At lunch the other day, some of the staff were reminiscing about the times before and during construction and having a bit of a laugh. Yes, we have finally reached the stage where you can laugh, meaning enough time has transpired where humour replaces horror. We still remember just prior to construction how small exploratory holes were opened up in a few places in walls and ceilings and we griped how it looked tacky having these holes not covered because, hey, we were always proud of the place. Little did we know at that time that when the ceiling was completely torn off, you really didn’t notice the hole anymore.

We all supported the decision made from the get-go — to keep the facility open to the public as best as possible throughout the process. I know there are a few wedding albums out there that show the Creston Room reception being held on plywood floors with no ceiling but it was also amazing how understanding most people were and how you could decorate a warehouse setting and make it look pretty good. Remember how our programmers Andrea and Brooke were sequestered in the old building inspector’s office across the lobby from the main office? You would see their bright shiny faces through the windows, occasionally with dust masks on, and eventually really close together when their office got sliced in half to make the data room. We also laugh (because it wasn’t us) at the maintenance foreman’s office under the bleachers where you didn’t need to put your lunch in the fridge and you occasionally arrived to find a puddle of pop on your desk from someone’s spill on the bleacher seats that seeped through the cracks.

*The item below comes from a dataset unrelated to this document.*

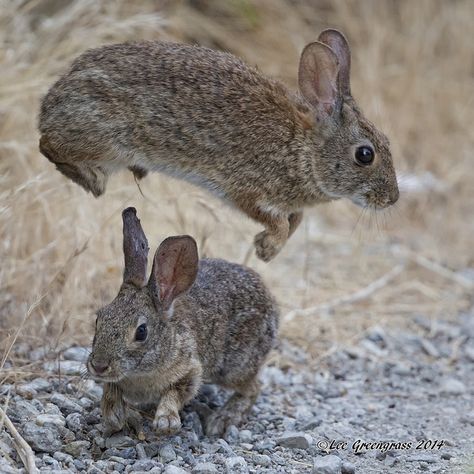 Rabbit Leaping, Rabbit Species, Cottontail Rabbit, Small Rabbit, Rabbit Illustration, Leaping Bunny, Visual Language, Pet Animals, Wonderful Picture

I have to take my hat off to our fitness patrons and instructors who were in a constant state of flux, never knowing what room or temperature they were facing. It didn’t matter that staff were constantly sweeping or mopping; the fitness people always had dirty hands from doing floor exercises. At one point, they were working out in the Creston Room but in order to go to the washroom, they had to pass through a construction door and into an area that, because the front of the building was gone, was less than ideal temperature until you reached the powder room. Unfortunately, for one patron, the door latched behind and there she remained until the rest of the class started to wonder why it was taking so long. I still feel bad about that but luckily that person knows she can hold that chit on me until I am well into a nursing home and I can’t quip my way out of it.

We had our own cross to bear in the admin office — from the massive sheet of plywood that had to be slid open and closed each day to serve patrons, to the pieces of concrete block we would find on our desks throughout the day right through to having to put someone on hold because you couldn’t hear them above the jackhammering, stapling and concrete sawing. We covered all the seasons, as well — from the battle station call to arms during a sudden downpour that had miniature tsunamis spreading across the Canyon or Erickson room floors to office temps sometimes in the nineties, right through to everyone protecting their under-desk ceramic heaters, waving others away with a ruler while hissing, “My Precious!” and a crazy look in their eyes.

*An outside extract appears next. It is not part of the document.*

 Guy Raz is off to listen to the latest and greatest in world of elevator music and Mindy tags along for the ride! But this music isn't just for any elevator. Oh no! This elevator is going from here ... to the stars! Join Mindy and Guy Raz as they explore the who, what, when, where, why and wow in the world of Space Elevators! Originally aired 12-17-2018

There are lots of construction tales, good and bad, beginning from when we dug the first geotech exploratory hole Oct. 30, 2007, through to today when we are in the midst of upgrading Rotacrest Hall. The bottom line is: Time eases all sorrows, you have to crack a few eggs to make a cake and every other applicable philosophical quote — we landed in a pretty good place.

Neil Ostaifchuk is the recreation supervisor at the Creston and District Community Complex.